Local councils apply for funds to help meet the cost of providing free access to pools during standard swimming sessions, including improving existing facilities or building new ones.
At launch, the scheme involved more than 1000 pools run by almost 300 local councils. The program also includes a national network of swimming experts recruited to work with participating councils and 100,000 free lessons offered to non-swimmers.
Incentives in the form of extra funding are offered to participating councils with the best record in developing the scheme and making an impact in their communities.
It is hoped the scheme will be extended to the whole population by 2012.

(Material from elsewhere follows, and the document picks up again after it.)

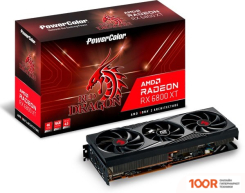 Видеокарта PowerColor RED DRAGON RADEON RX 6800 XT OC 16GB GDDR6 AXRX 6800XT 16GBD6-3DHR/OC (30922)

Case study 2: Healthy Living Tax Credit
Since 2005, the government in Nova Scotia, Canada, has provided a Healthy Living Tax Credit to help with the cost of registering children and youth in eligible sport or recreation activities that offer health benefits. Initially based on a maximum annual spending of $150 per child, it is estimated that the tax credit costs the Nova Scotia Government $2.2 million annually.
In 2006 the Children’s Fitness Tax Credit was announced, which allowed parents to claim a non-refundable tax credit of up to $500 in fees for the enrolment of a child under the age of 16 in an eligible program of physical activity. An evaluation is currently being completed.
Commission a review of economic policies and taxation systems, and develop methods for using taxation, grants, pricing, incentives and/or subsidies to promote active living and greater levels of physical activity and decrease sedentary behaviour.